Many of us have been taught the importance of honoring every commitment. While a noble principle, hidden within it is a trap—one that impedes our ability to be productive.
Productive people do the opposite: they live with the chaos of incomplete tasks.
While counterintuitive, the most productive among us pluck one task from the chaos and focus on it completely until they get the job done.
This is why they're successful.
The next time you find yourself swirling in the chaos of your to-do list, ask yourself,
What is the one thing I can do that will make everything else on my to-do list easier or even unnecessary?
That's the task you should be working on.

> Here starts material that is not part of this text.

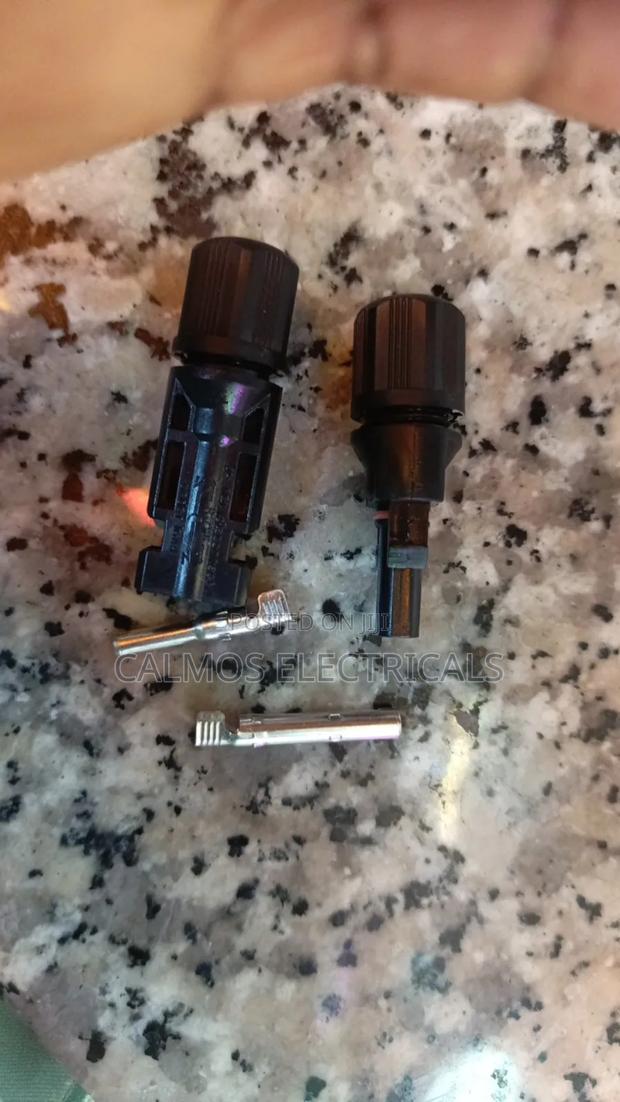 Mc4 Connectos - thumbnail 3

Gary Keller, author of The One Thing, gave this example on Tim Ferriss's podcast:
I come home, I pull into the garage. What's the one thing I could do with my wife when I walk in the door, such that by doing it everything else for the rest of the night will be easier or unnecessary? The answer is go find her and kiss her. And it's actually that simple.
Consider what you need to accomplish. You can probably immediately identify one or two urgent tasks. Pick one and execute.

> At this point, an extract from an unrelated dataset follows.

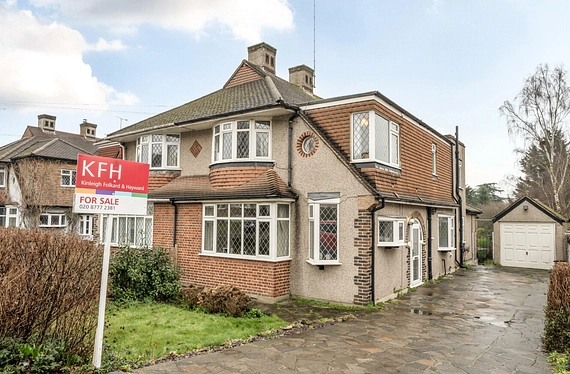 Courtfield Rise, West Wickham, Kent, BR4 - Kinleigh Folkard & Hayward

This might be challenging for conscientious people that want to honor every commitment. Unfinished business never sits well, regardless of how paralyzed they can become by indecision.
The nagging feeling of incompletion is known as the Zeigarnik effect. Discovered in 1927 by Lithuanian psychologist Bluma Zeigarnik, she was initially inspired by her professor, Kurt Lewin, who noticed cafe waiters remembered incomplete tabs more efficiently than paid bills.

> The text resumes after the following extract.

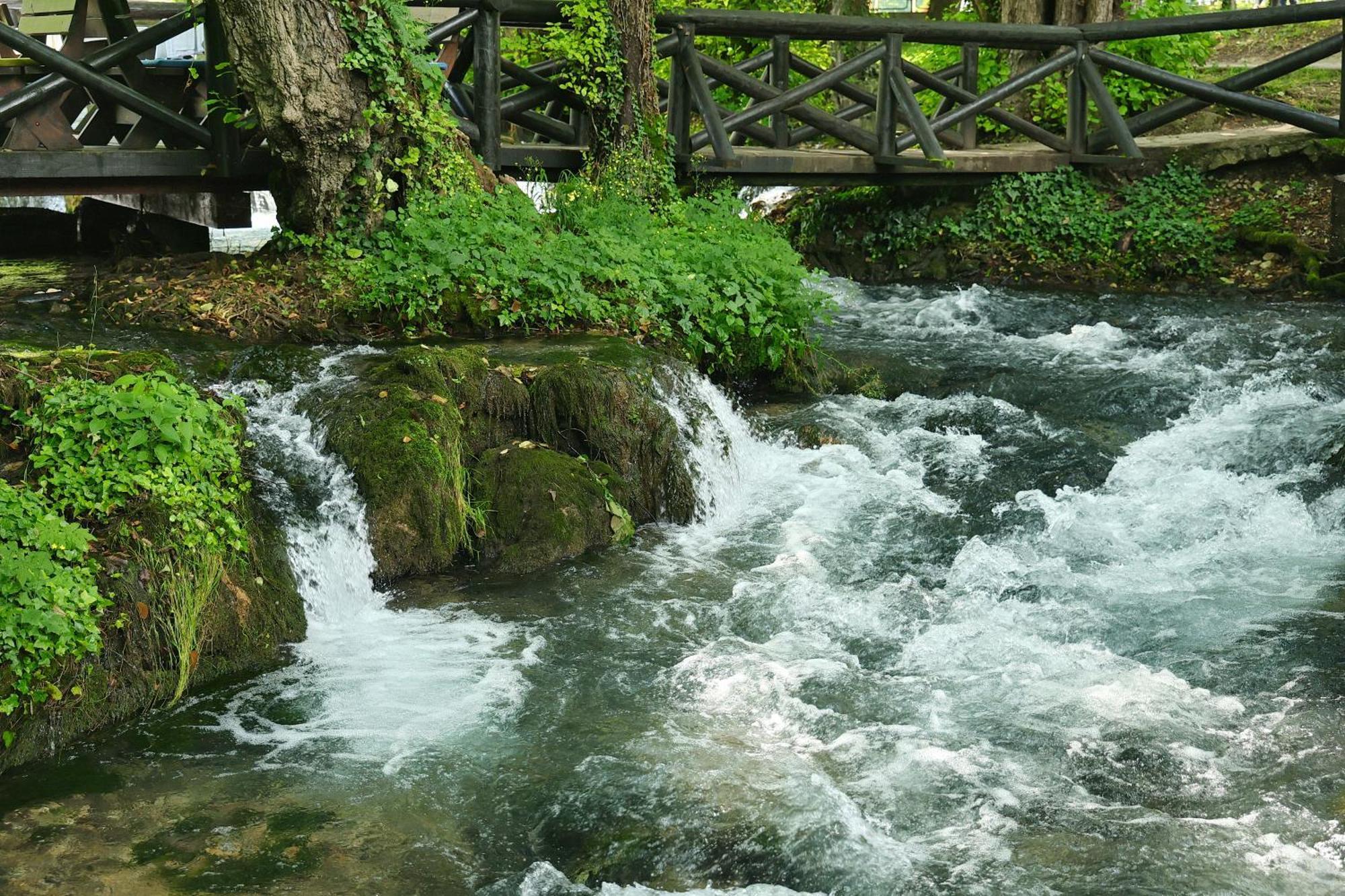 Garni Hotel Vila Drina Perucac Extérieur photo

We tend to remember unfinished or interrupted tasks better than completed duties.
Our minds remain fixated on an unfinished task, which can result in mental and physical unease. We're only freed from the burden of a task once it's been completed.
This makes scheduling work sessions essential to a productive workflow. You're freed from the Zeigarnik effect once you've documented your tasks. The nagging feeling disappears.
Your conscientious brain gives you permission to focus on the thing that matters most right now.
Mono-tasking can feel miraculous. Really, it just takes practice.